What Can Student Loan Borrowers Do When The Payment Pause Ends
The payment pause and interest waiver in the CARES Act, passed in March, suspends the need to make payments on certain federal student loans, through September 30, 2020. What happens when the payment pause ends and borrowers still don’t have jobs? Are there any other options for financial relief besides the payment pause?
The Future of the Payment Pause is Uncertain
There are a few proposals to extend and expand the payment pause and interest waiver, but it is unclear whether any of these proposals will be enacted.
The Heroes Act will extend the payment pause and interest waiver for a year, through September 30, 2021, and expand the payment pause and interest waiver to cover all federal student loans and private student loans.

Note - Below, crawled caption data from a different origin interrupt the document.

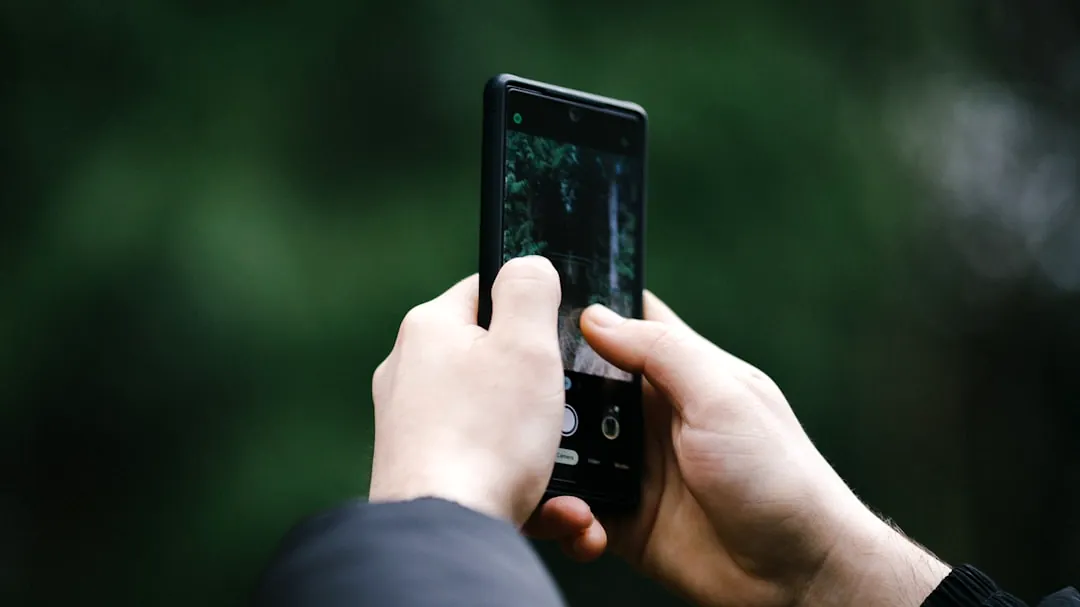 a person taking a picture with a cell phone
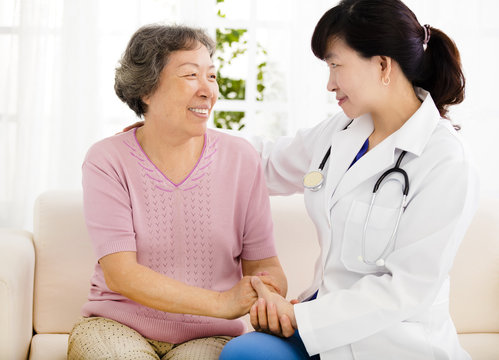 Nurse holding hand of senior woman in rest home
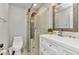 Modern bathroom featuring a glass-enclosed shower, white vanity, and sleek fixtures at 2626 Auburn Blvd, Port Charlotte, FL 33948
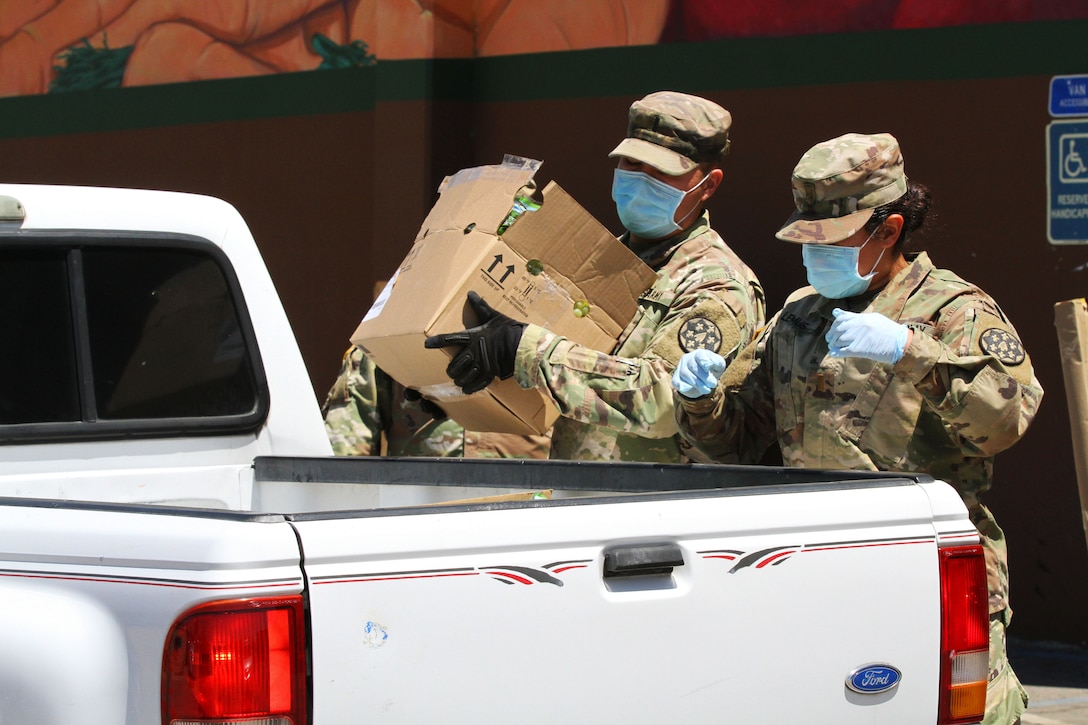 Two soldiers wearing face masks and gloves load boxes of food into the back of a vehicle.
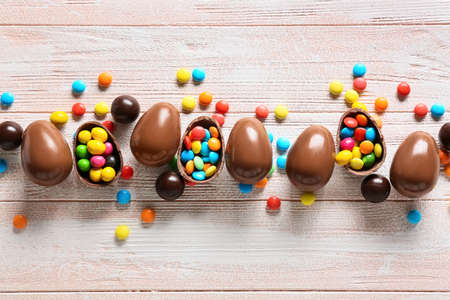 Chocolate Easter eggs with candies on white wooden backgroundの写真素材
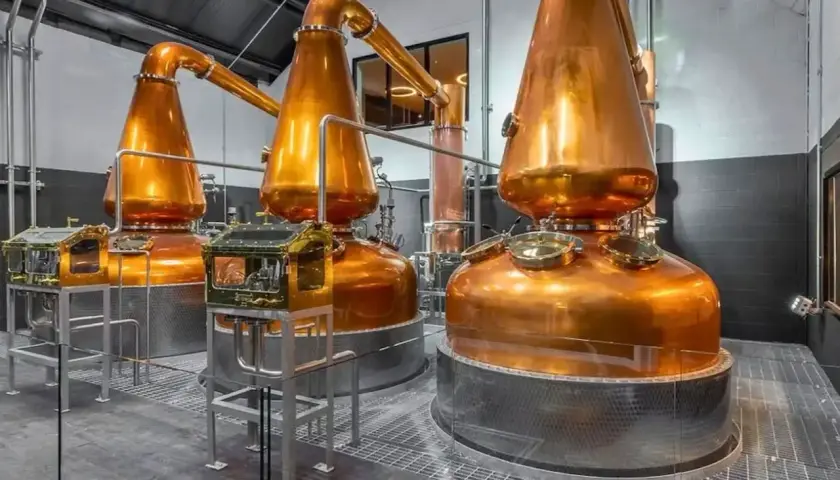 Alambics en cuivre brillants dans une distillerie, prêts à produire le meilleur whisky de Dublin.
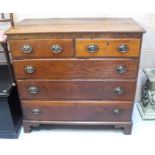An early 19th century oak chest, with two short and three graduated long drawers, on bracket feet,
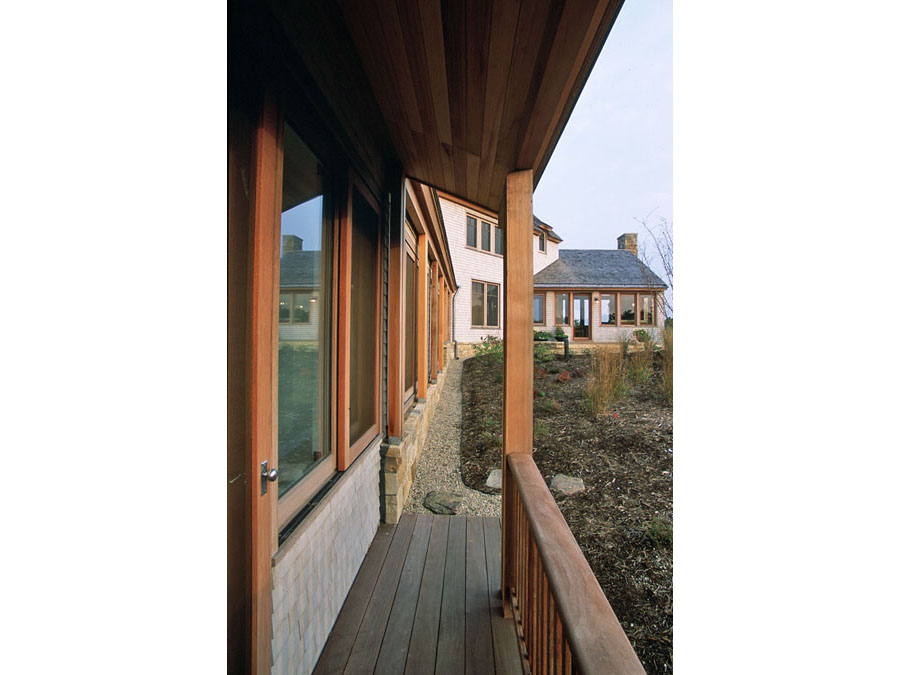 Green home design provides a sheltered porch at the Cape Cod house.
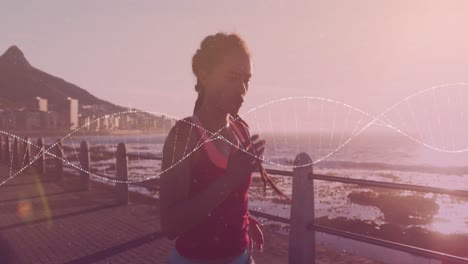 Animation-Eines-DNA-Strangs-über-Einer-Biracial-Frau,-Die-Auf-Der-Promenade-Läuft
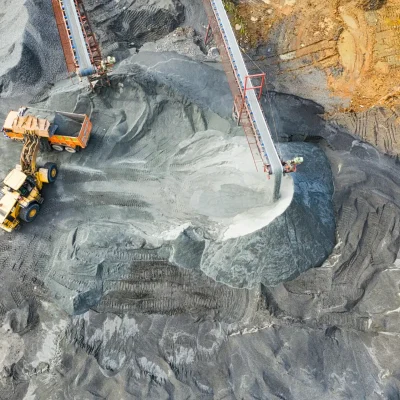 A top-down view showcasing mining operations with excavators and conveyor belts.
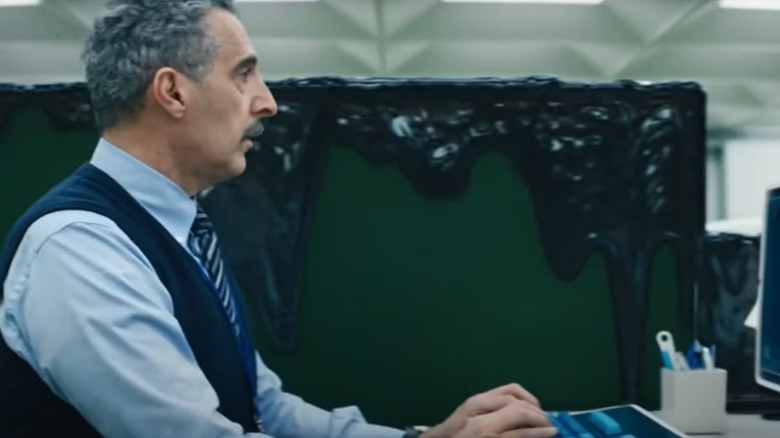 John Turturro's Irving in a goo-covered cubicle on Severance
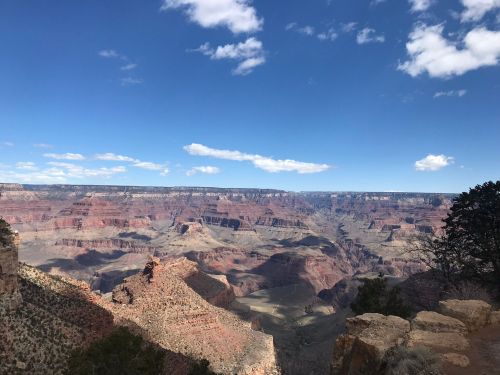 A panoramic view of the Grand Canyon, showcasing layered rock formations under a blue sky with scattered clouds.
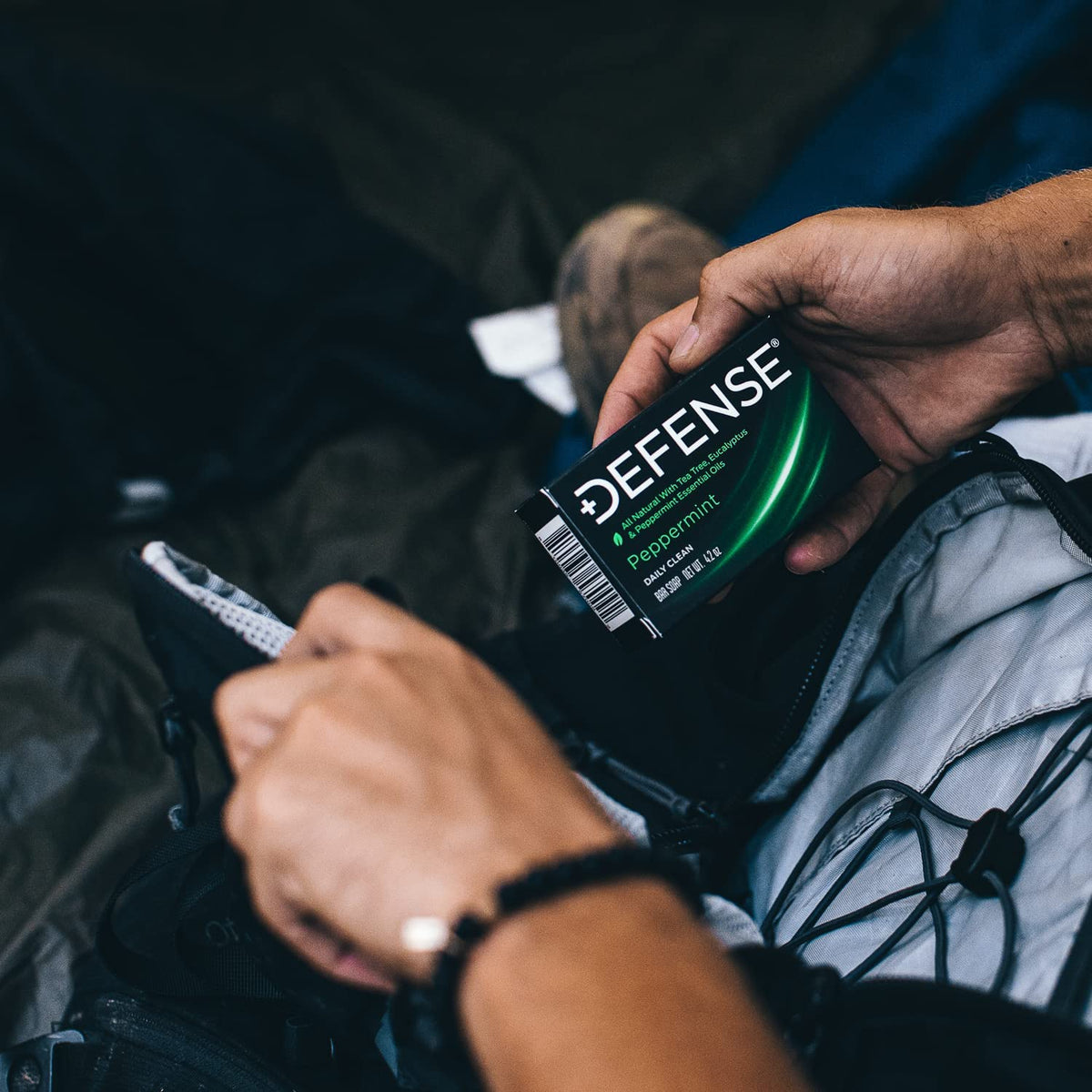 Defense Soap bar in shower with athlete using it for refreshment benefit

The Heroes Act passed the U.S. House of Representatives on May 15, 2020 but is stalled in the U.S. Senate.
The Student Loan Fairness Act (S. 4237) expands the payment pause and interest waiver to cover all federal student loans, including all loans in the Federal Family Education Loan Program (FFELP), but does not extend the relief beyond September 30, 2020. This legislation has bipartisan support, but has not been reported out of committee.
The Economic and Student Loan Debt Relief Act of 2020 (H.R. 7114) extends the payment pause and interest waiver through December 31, 2020. It also makes permanent the exclusion from income for employer-paid student loan repayment assistance. This legislation has bipartisan support, but has not been reported out of committee.
Options for Student Loan Relief after the Payment Pause Ends
There are several existing programs that can provide borrowers with student loan payment relief after the payment pause and interest waiver expires.
Economic Hardship Deferment. The economic hardship deferment provides a payment pause for federal student loan borrowers who are experiencing severe financial difficulty. It is available to borrowers who are receiving federal or state public assistance and to borrowers who are working 30 or more hours a week but earning less than 150% of the poverty line. The economic hardship deferment is available for up to a total of 3 years. The federal government pays the interest on subsidized loans, but not unsubsidized loans during an economic hardship deferment.
Unemployment Deferment. The unemployment deferment provides a payment pause for federal student loan borrowers who are unemployed and actively looking for but not finding full-time work. Borrowers who are receiving unemployment benefits are also eligible. The unemployment deferment is available in 6 month increments for up to a total of 3 years. The federal government pays the interest on subsidized loans, but not unsubsidized loans during an unemployment deferment.
Forbearances. Forbearances provide a payment pause on federal and private student loans. Borrowers who don’t qualify for a deferment may be able to qualify for an economic hardship or unemployment forbearance. For example, if federal student loan payments equal or exceed 20% of the borrower’s monthly income, they may qualify for a forbearance. In addition to full forbearances, which suspend all payments, private student loans may also offer partial forbearances, which involve interest-only payments. Federal forbearances are limited to 3 years in total duration. Private student loans offer forbearances in increments of 2-3 months, not necessarily consecutive, for a total duration of 1 year. The federal government does not pay the interest on any student loans during a forbearance.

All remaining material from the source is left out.